The insurer is developing the site because it will be moving its group headquarters from Bucklersbury House to a new building in the City.
L&G said that it was too early to say whether construction would start without tenants lined up. Tim Breedon, the L&G chief executive, said: “We believe that (the project) will help to reinforce both the City and London’s status as a world business and commercial centre.”
The scheme is one of the largest developments in the Square Mile and has been in the planning phases for several years.
It comes as developers prepare for a spate of new construction projects in the Square Mile. The latest crane survey by Drivers Jonas, the property consultant, shows that speculative office construction has nearly trebled, from 972,000 sq ft in November, to 2.9 million sq ft in the first quarter. This is the highest level for three years but is well below the 3.6 million sq ft in the first quarter of 2003.

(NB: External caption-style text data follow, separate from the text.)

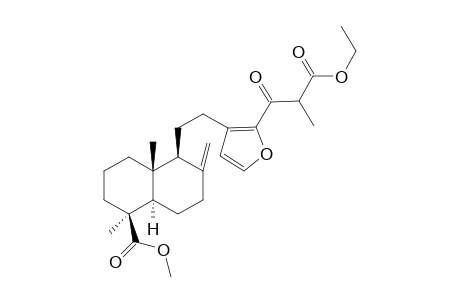 Methyl (1S,4aR,5S,8aR)-1,4a-dimethyl-6-methylene-5-{2-[2-(2-methyl-3-ethoxy-3-oxopropanoyl)-3-furyl]ethyl}decahydronaphthalene-1-carboxylate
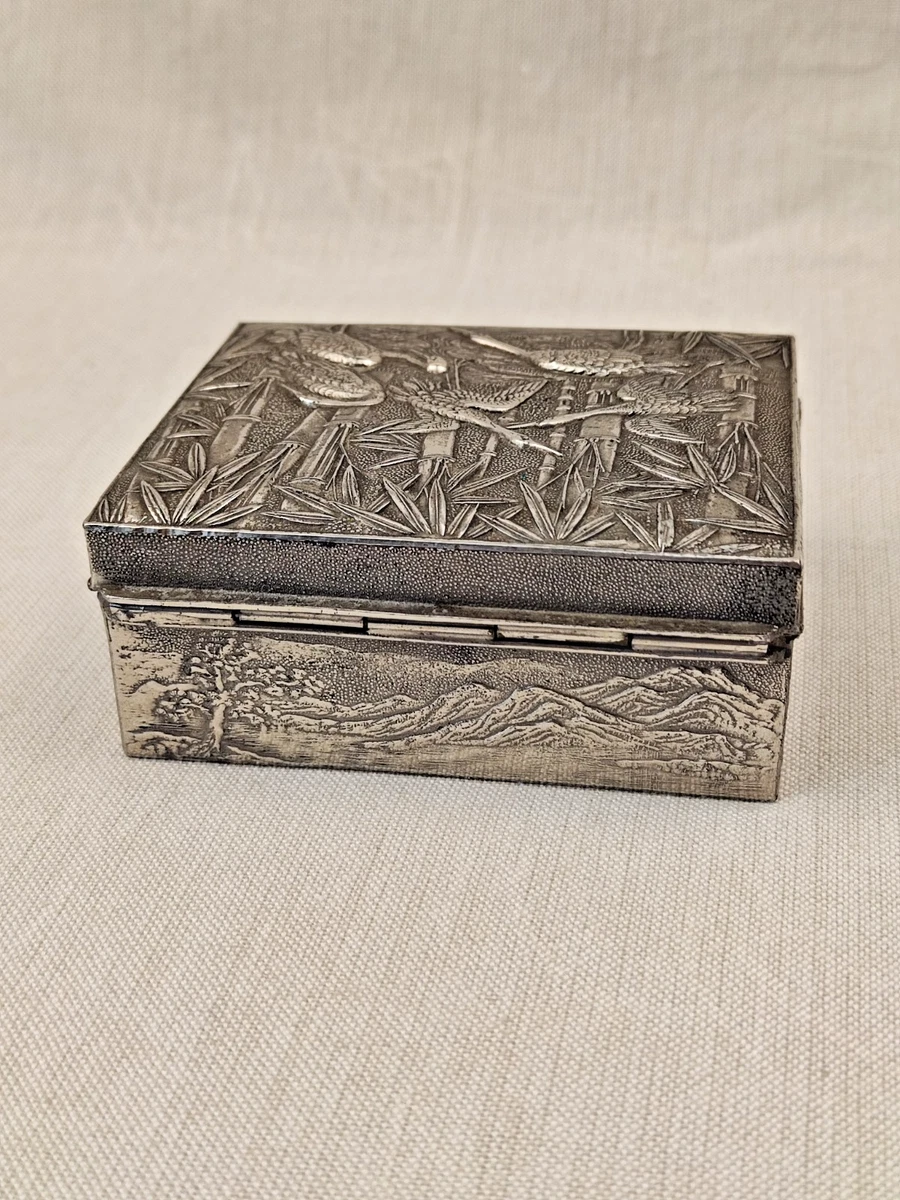 黄铜主要古董日本盒| eBay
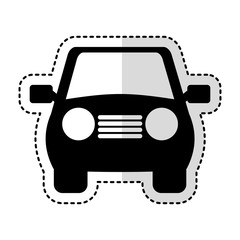 Obraz premium car vehicle isolated icon vector illustration design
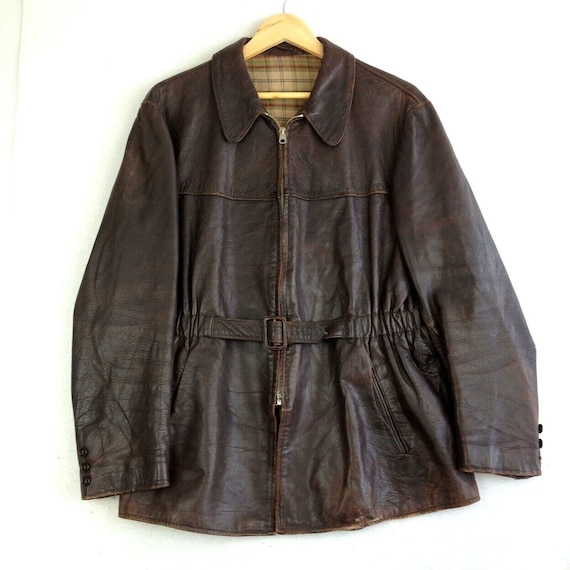 Vintage 1930s 1940s Goatskin Leather Jacket California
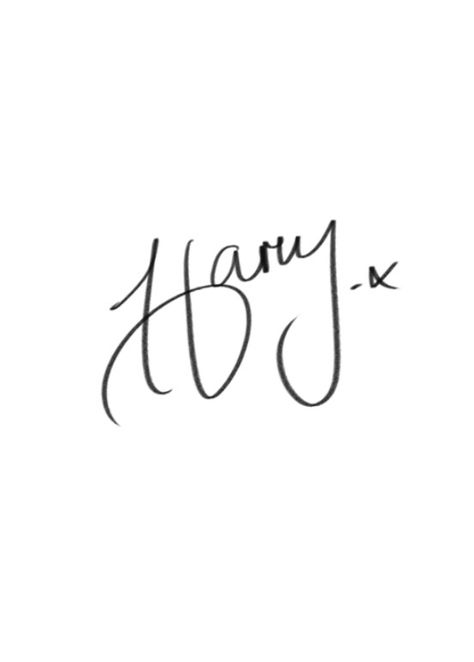 Harry signature Harry Styles Signature Tattoo, Harry Signature, Harry Styles Name Logo, Harry Styles Autograph, Harry Name, Harry Styles Signature, Harry Styles Cute, Harry Styles Wallpaper, Name Wallpaper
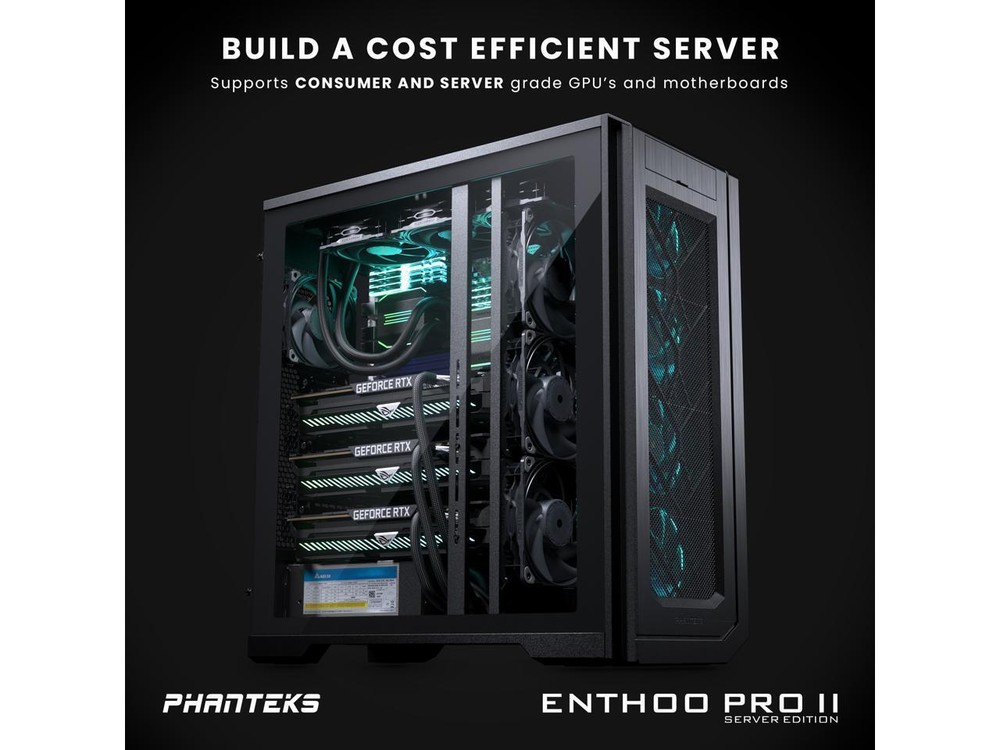 Phanteks Enthoo Pro 2 Server Edition – SSI-EEB Motherboard support, 11-PCI slots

GOOD RIDDANCE TO CITY EYESORE
Bucklersbury House has long been considered an eyesore in the City. Pevsner’s guide to the City of London rates it “the largest and dullest of London’s 1950s office blocks” and its olive-green curtain walling has gained no charm or patina over the past half century.
It was the first postwar building in the City to abandon the street line, a great 14-storey slab running from Queen Victoria Street to Cannon Street, extended by repetitively designed spurs on either side.
The L-shaped setback from Queen Victoria Street gave little to the pedestrian. In place of the lively shops and sandwich bars across the street, Bucklersbury House offered little more than a single corporate entrance in a vast city block.
The terrace created by the setback did not become one of the pleasantly planted pocket gardens that are one of the Square Mile’s main delights but served for a far-from-thrilling display of the remains of the Roman Temple of Mithras. This lost much of its authenticity by being re-oriented east-west instead of north-south.
Bucklersbury House is 14 storeys. The replacement will be 22, a big increase in a part of the City where there are fewer tall buildings. The commissioning of high-flying and adventurous architects is welcome in the City, where for years the design of offices has been dominated by commercial practices good at obtaining planning permission but rarely producing interesting architecture.
Lord Foster of Thames Bank has won acclaim for the “Gherkin” but some of his lower-rise offices have suffered from repetitiveness beginning to approach that of Bucklersbury House. Jean Nouvel, the French architect, is known as a perpetual enfant terrible but one sought after by commercial clients.